Directions
Nothing but the lines below from the one with "2020 Sumitomo 41FB15PXIII-47962811" through the one with "image-komik-rewriting-the-villainess-chapter-37-8/34" should be output, each exactly as given, and no pictures.

Data
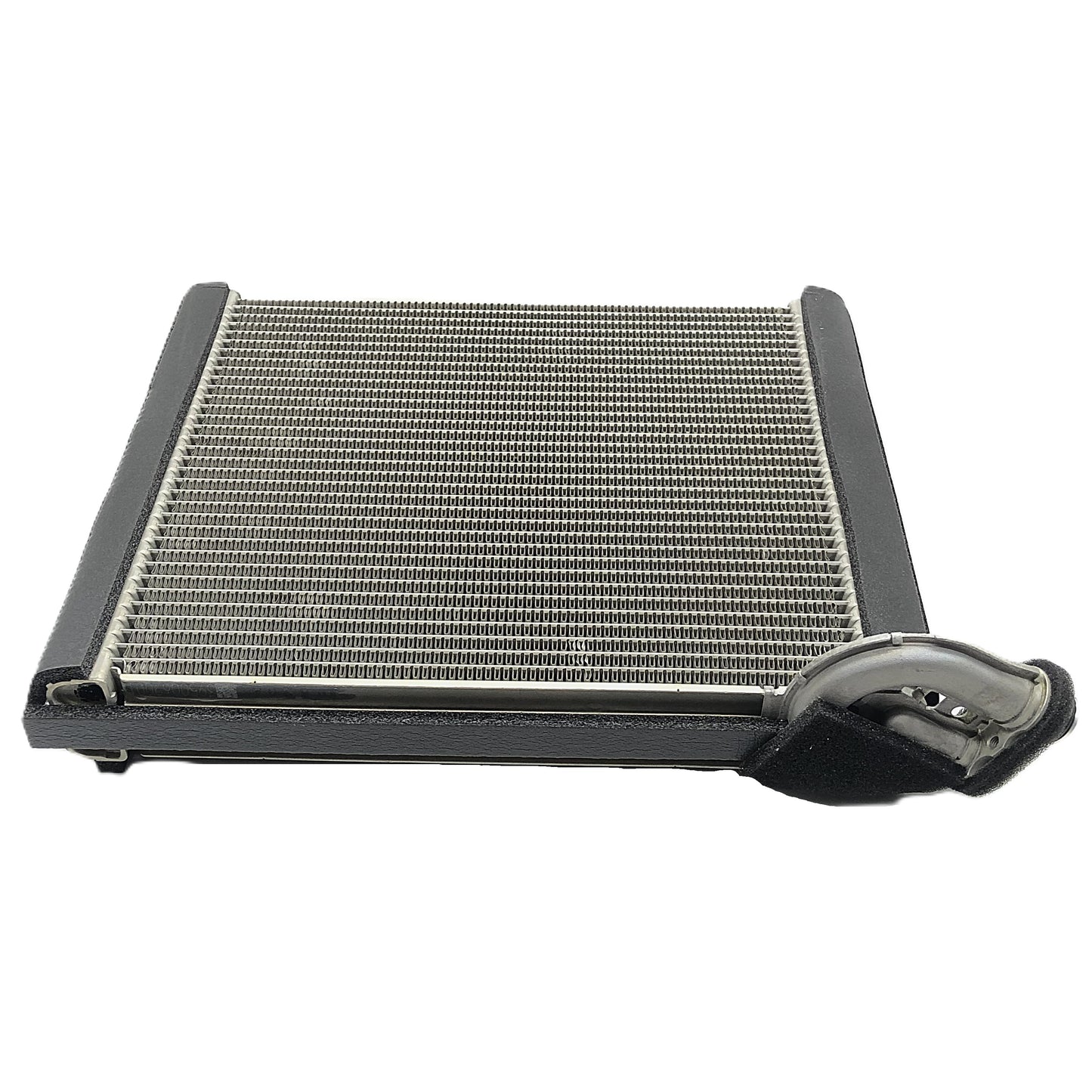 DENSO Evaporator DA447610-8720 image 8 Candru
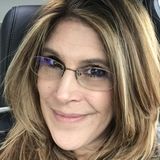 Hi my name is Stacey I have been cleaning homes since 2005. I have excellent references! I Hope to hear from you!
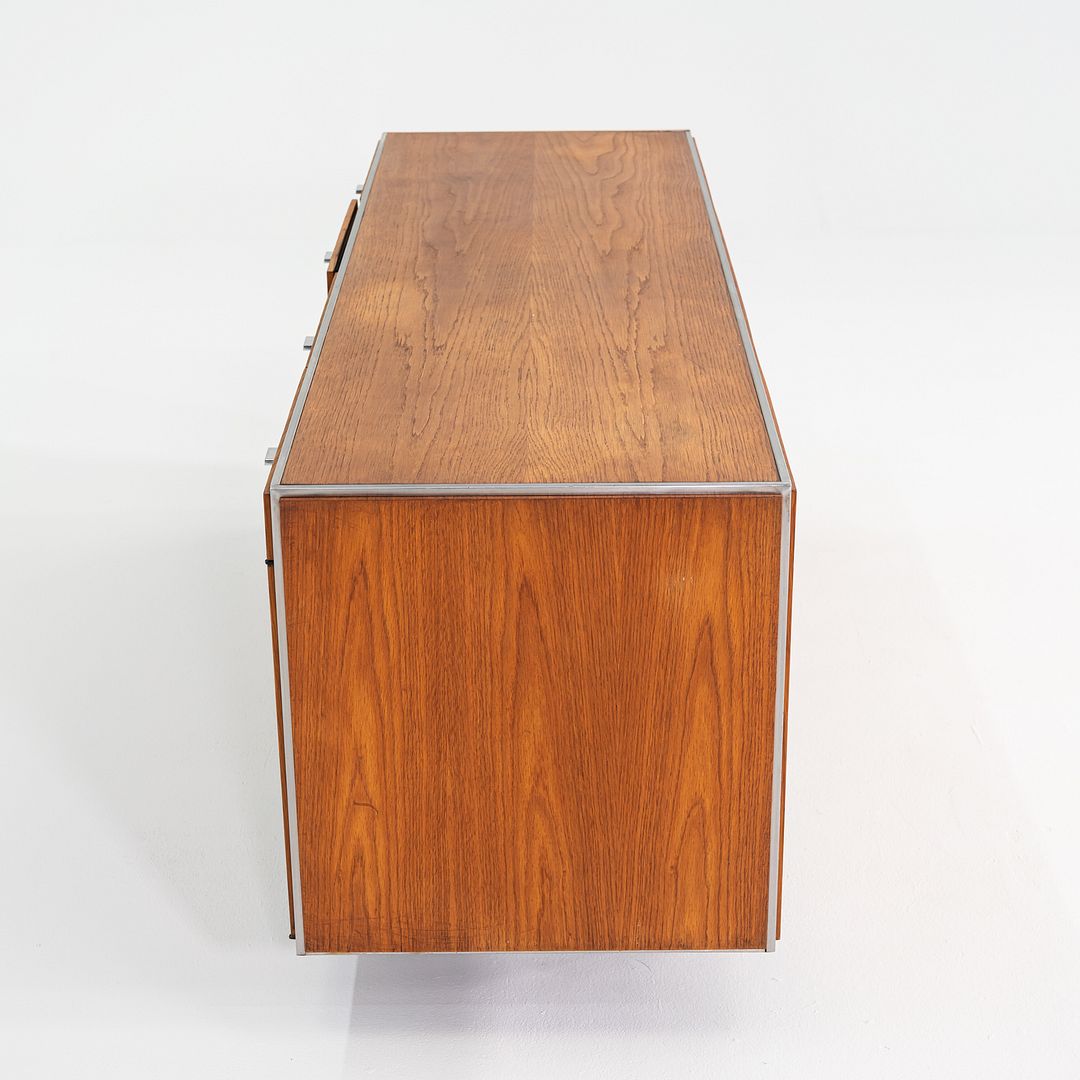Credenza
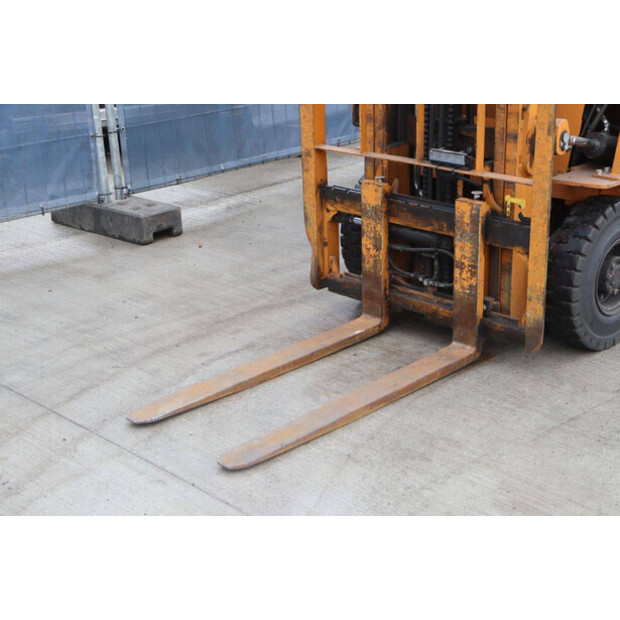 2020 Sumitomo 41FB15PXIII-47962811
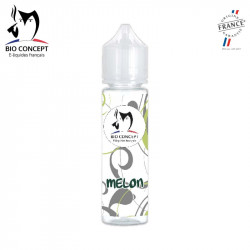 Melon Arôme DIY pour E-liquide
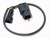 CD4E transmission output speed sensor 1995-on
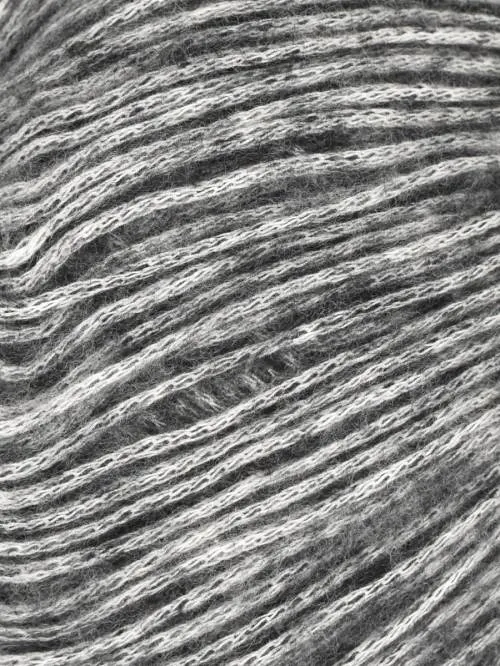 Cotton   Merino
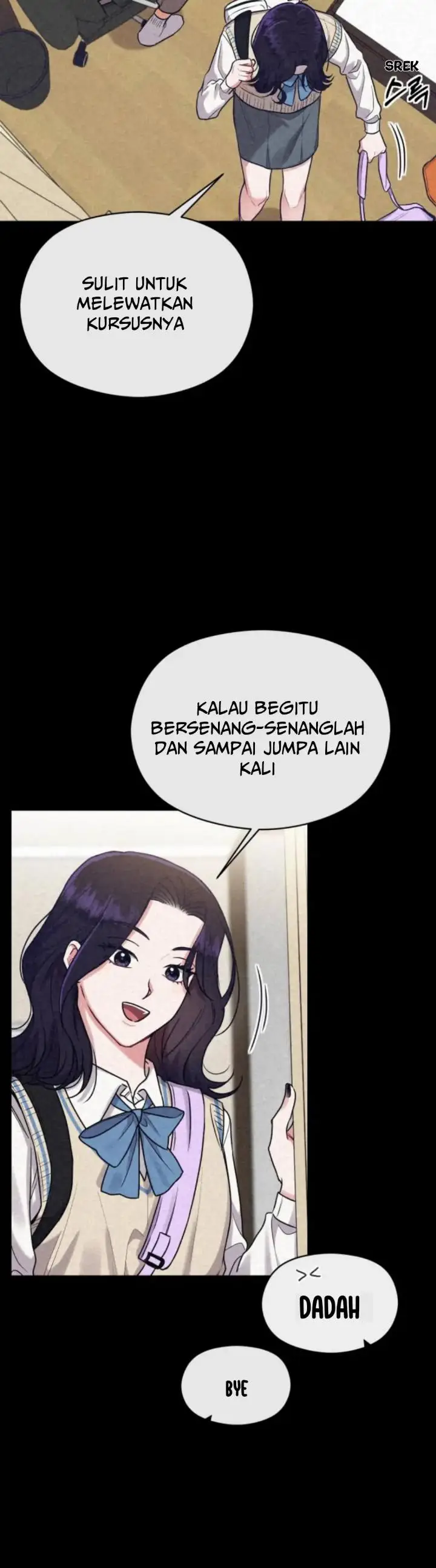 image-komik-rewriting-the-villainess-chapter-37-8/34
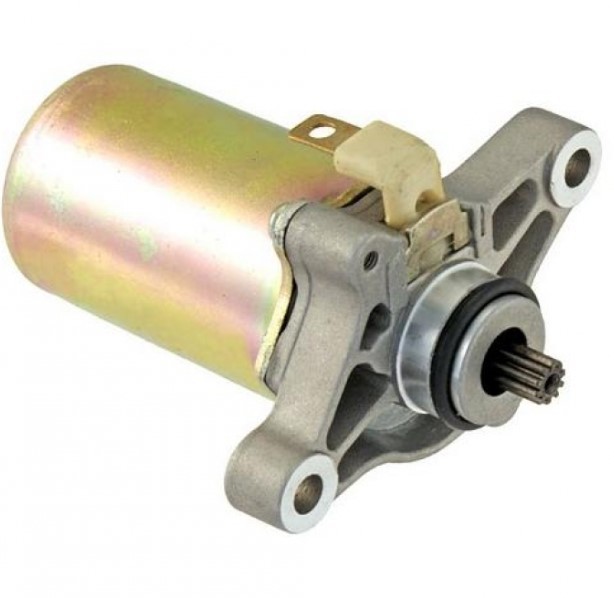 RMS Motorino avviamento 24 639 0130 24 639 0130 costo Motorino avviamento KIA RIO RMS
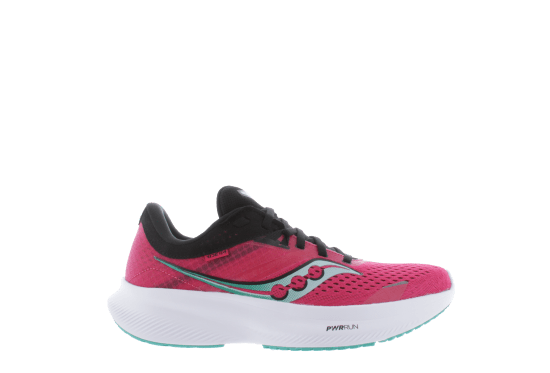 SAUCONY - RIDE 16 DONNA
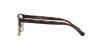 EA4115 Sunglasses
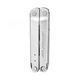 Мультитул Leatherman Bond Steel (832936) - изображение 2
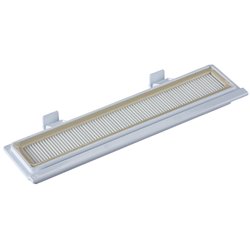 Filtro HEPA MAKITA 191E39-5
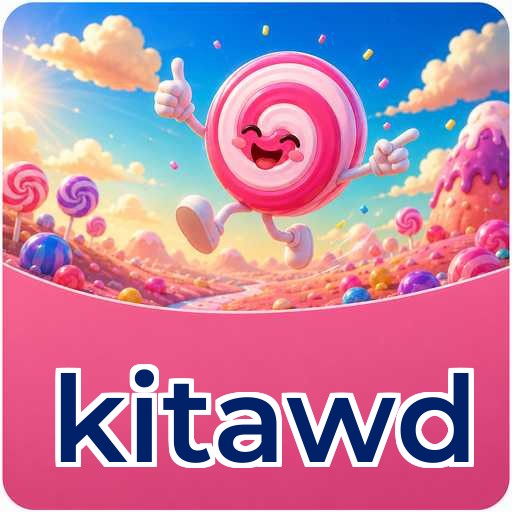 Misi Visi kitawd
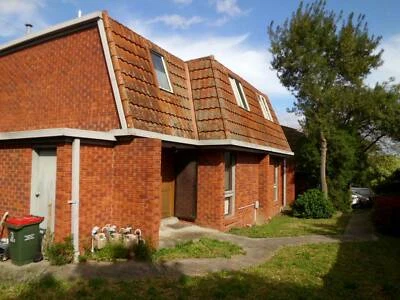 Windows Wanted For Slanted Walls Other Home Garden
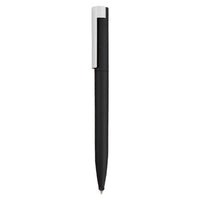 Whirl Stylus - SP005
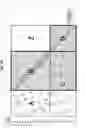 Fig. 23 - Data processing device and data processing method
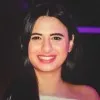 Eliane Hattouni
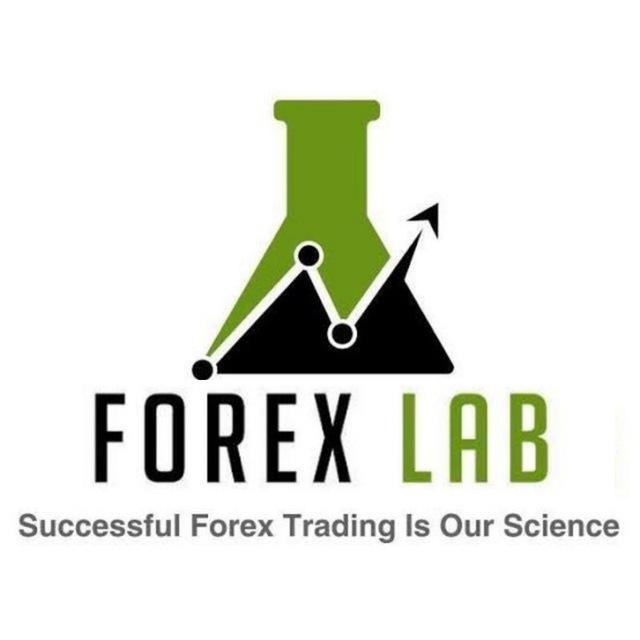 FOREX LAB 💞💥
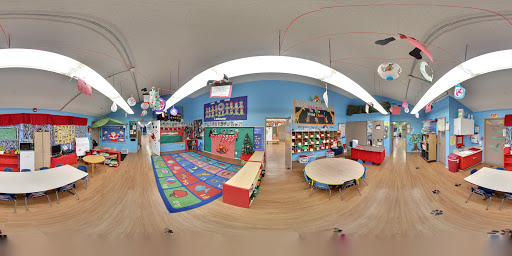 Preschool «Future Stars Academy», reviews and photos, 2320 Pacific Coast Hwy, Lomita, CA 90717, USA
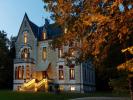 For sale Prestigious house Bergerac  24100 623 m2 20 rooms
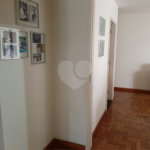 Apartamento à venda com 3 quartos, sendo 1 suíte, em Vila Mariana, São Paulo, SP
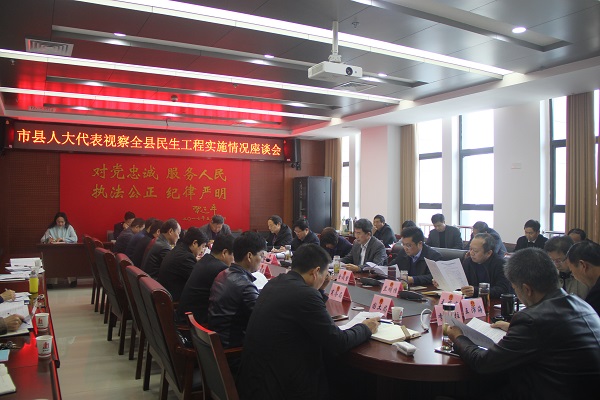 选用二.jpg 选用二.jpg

Exercise answer
 2020 Sumitomo 41FB15PXIII-47962811
 Melon Arôme DIY pour E-liquide
 CD4E transmission output speed sensor 1995-on
 Cotton   Merino
 image-komik-rewriting-the-villainess-chapter-37-8/34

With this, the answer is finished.